A violência doméstica contra homens adultos aumentou 48,2% entre 2021 e 2024, anunciou esta quarta-feira a APAV, que apoiou 3.671 vítimas, das quais uma em cada quatro com mais de 65 anos e sujeitas a abusos prolongados e invisíveis.

O perfil traçado pela Associação Portuguesa de Apoio à Vítima (APAV) aponta para “um cenário particularmente vulnerável”: 25,4% das vítimas têm 65 ou mais anos, 84,9% são de nacionalidade portuguesa e 22,9% (841) residem em Faro, o distrito mais representativo entre os casos registados.

Lisboa registou 692 casos (19,1%), o Porto 502 (13,7%), Braga, 405, (11%) e Setúbal 276 (7,5%), referem as “Estatísticas APAV - Homens Adultos Vítimas de Violência Doméstica”, baseadas nos dados referente aos processos de apoio desenvolvidos presencialmente, por telefone, e-mail e online, no período compreendido entre 2021 e 2024.

Segundo a APAV, a vitimação apresenta “um caráter prolongado e invisível”.

Mais de 54% das vítimas sofreram violência continuada e 29,9% aguardaram entre dois e seis anos até pedirem ajuda pela primeira vez.

Em 61,3% (685) dos casos, a violência ocorreu na residência comum com a pessoa agressora.

No que toca às denúncias, apenas 48,7% (1.789) das vítimas apresentaram queixa, enquanto 40,6% (1.490) optaram por não o fazer.

Relativamente ao perfil do agressor, os dados revelam que a maioria são mulheres (1.974; 52,9%), com idades entre os 36 e 55 anos (27,3%), e tinham relações de intimidade com a vítima (1.995, 53,5%), sendo atuais ou antigas cônjuges, companheiras ou namoradas.

Em 20,7% das situações, as agressoras eram cônjuges das vítimas.

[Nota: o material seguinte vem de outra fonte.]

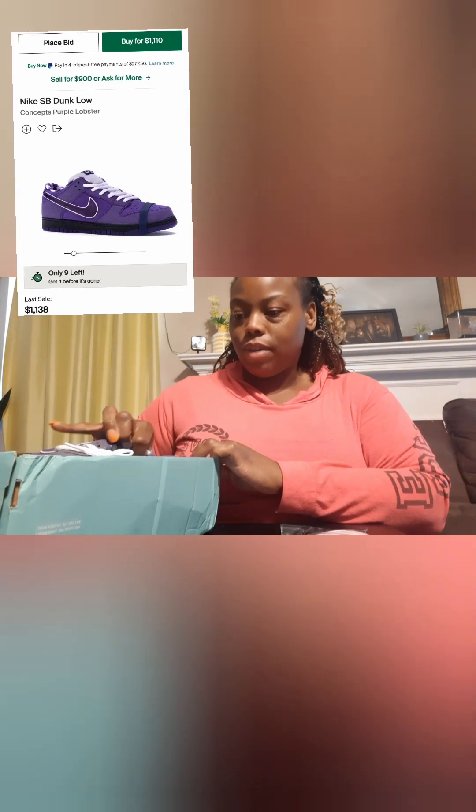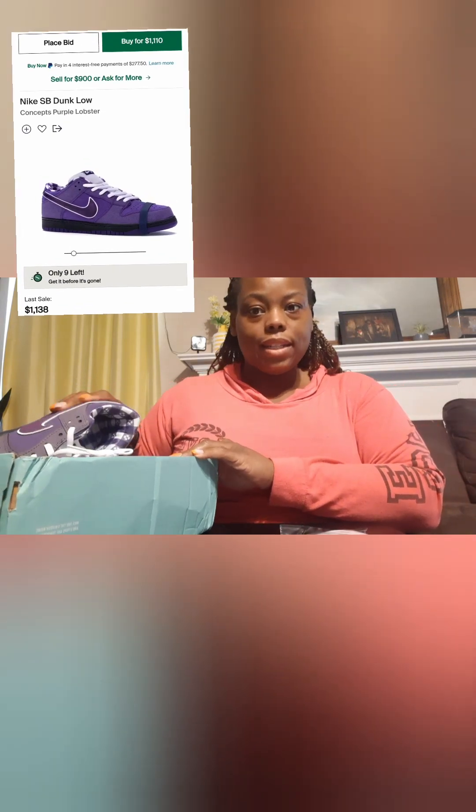I had no idea what they were, but this is a Nike Dunk Low Pro and it's called Lobster Purple, Lobster Violet. My husband is the shoe guy around here and I told him I ordered these shoes for my son. He was like, 'What?! Those shoes are worth...' I'll try to get a picture of how much they are on StockX — they're apparently very expensive and lots of people like these shoes.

A APAV realça que também a violência exercida por filhos/as contra os pais, que representa 12,9% dos casos (479), é preocupante, sobretudo quando cruzado com a faixa etária avançada de muitas vítimas.

“Estes dados alertam para uma realidade ainda invisibilizada: a violência doméstica contra homens existe, é grave e precisa de respostas adequadas”, salienta, lembrando a sua missão de apoio, disponibilizando atendimento especializado, gratuito e confidencial a vítimas de todos os crimes.

A Linha de Apoio à Vítima, 116 006, funciona de segunda a sexta-feira, entre as 08h00 e as 23h00.